Strikes will plague the run-up to the general election
Tens of thousands of British Airways passengers whose travel plans this weekend have been thwarted are only the first victims of industrial unrest threatening to disrupt air, rail and road travel this Easter.
A strike by cabin crew will go ahead after talks between the airline and the Unite union collapsed yesterday. BA has grounded more than half its flights this weekend. Another four days of strikes are set to start next Saturday.
The strikes have transformed the run-up to the general election. David Cameron, the Conservative leader, will invoke Margaret Thatcher today as he moves to exploit public anger and say that the country is facing a “spring of discontent”.
Senior Cabinet ministers voiced dismay as Labour faced the prospect of launching its election campaign against a backdrop of travel disruption.

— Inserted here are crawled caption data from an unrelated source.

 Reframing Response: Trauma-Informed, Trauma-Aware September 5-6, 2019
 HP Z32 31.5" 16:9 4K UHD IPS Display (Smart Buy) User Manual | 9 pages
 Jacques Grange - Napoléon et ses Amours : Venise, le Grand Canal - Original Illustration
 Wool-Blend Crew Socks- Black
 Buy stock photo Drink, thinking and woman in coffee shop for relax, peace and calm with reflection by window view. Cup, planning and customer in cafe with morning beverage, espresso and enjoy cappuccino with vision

Despite the biggest contingency operation in BA’s history only one in three of its passengers is expected to be able to travel today and about 1,000 flights will be grounded over the whole weekend. The travel plans of 250,000 further passengers planning to travel from next weekend have been thrown into doubt by the second stoppage.
To compound the misery, railway signal workers announced that they had voted to strike in a dispute that could bring train travel to a standstill at Easter. Rail chiefs fear that the dispute may converge with a row with maintenance workers and white-collar staff to hit travel from April 1. Motoring organisations warned of significant congestion on the roads as a result.
After the breakdown of talks between BA and Unite, Gordon Brown repeated his call last night for the union to call off the strike by cabin crew. “The Prime Minister believes this strike is in no one’s interest and will cause unacceptable inconvenience to passengers,” No 10 said.
Mr Cameron will turn up the pressure on Mr Brown today, saying that the Prime Minister is terrified of losing Unite’s cash. He will cite Baroness Thatcher who “broke the stranglehold of the union barons” and say that he, too, is ready to take on “vested interests”.
“Margaret Thatcher’s Government was defined by taking the side of the people against the powerful, the vested interest — those whose survival depended on keeping things as they were,” Mr Cameron will say. “Take her union reforms — she recognised that as long there was a closed shop and no proper ballots, power would lie with the big union barons.”
One Labour strategist insisted last night that voters would “see through any attempt to play politics with industrial relations”. But Paul Richards, a new Labour activist, voiced publicly the private disquiet felt among some ministers. “It will be a calamity on a grand scale if the Labour Government is seen as the ‘strikers’ friend’,” he said.
Network Rail announced last night that it would meet the RMT and TSSA unions on Monday in an attempt to head off the rail disruption.
There was no such let-off for BA passengers. The union rejected a late deal tabled yesterday, which offered a four-year pay deal and the replacement of one in ten cabin crew members removed from BA flights last November. The deal also included a clause allowing BA to recruit new staff to a separate fleet of aircraft on lower pay and pensions and the right to negotiate independently with this new fleet.
Willie Walsh, the BA chief, urged the union to put the offer to its members, but Unite refused. Tony Woodley, the union’s joint general secretary, said: “I think it is an absolute disgrace and an insult to our people.”
He accused “hawks” on the BA board of undermining hopes of averting the strike. “I think it is a classic case of Mr Walsh, unfortunately being one of the hawks, was looking for a war with our members.”
Mr Walsh is seeking savings of £62 million from the cabin crew budget as BA faces a second consecutive year of losses. “There are no hawks in British Airways,” he said. “The only things that fly in British Airways are the aircraft and those aircraft will continue to fly.”